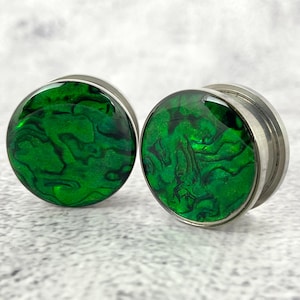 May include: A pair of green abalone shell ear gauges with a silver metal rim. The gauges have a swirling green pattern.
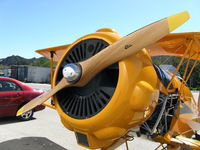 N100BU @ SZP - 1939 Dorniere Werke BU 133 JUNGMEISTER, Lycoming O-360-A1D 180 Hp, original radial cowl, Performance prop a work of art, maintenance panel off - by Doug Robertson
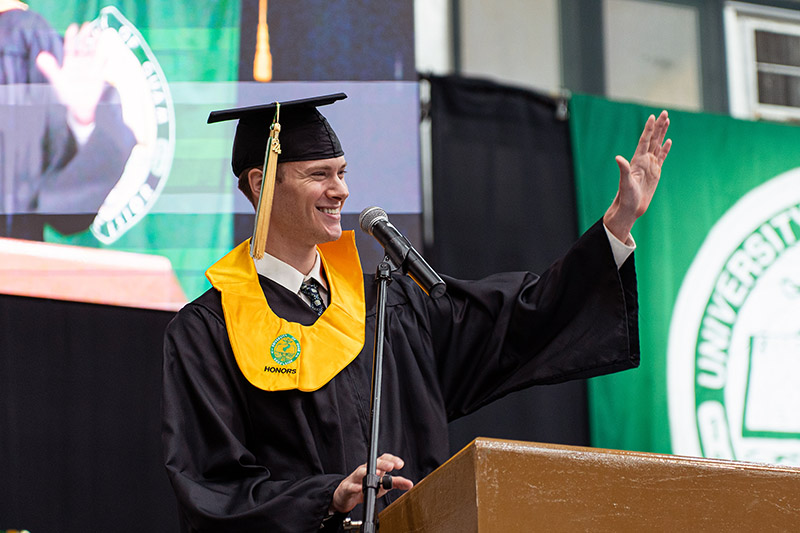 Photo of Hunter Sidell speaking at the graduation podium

━━━━━━━━

__Task to complete__:
Output the lines of the data exactly, starting at the first and ending with the line that has "N100BU @ SZP". Pictures are not part of it.

__Answer__:
 May include: A pair of green abalone shell ear gauges with a silver metal rim. The gauges have a swirling green pattern.
 N100BU @ SZP - 1939 Dorniere Werke BU 133 JUNGMEISTER, Lycoming O-360-A1D 180 Hp, original radial cowl, Performance prop a work of art, maintenance panel off - by Doug Robertson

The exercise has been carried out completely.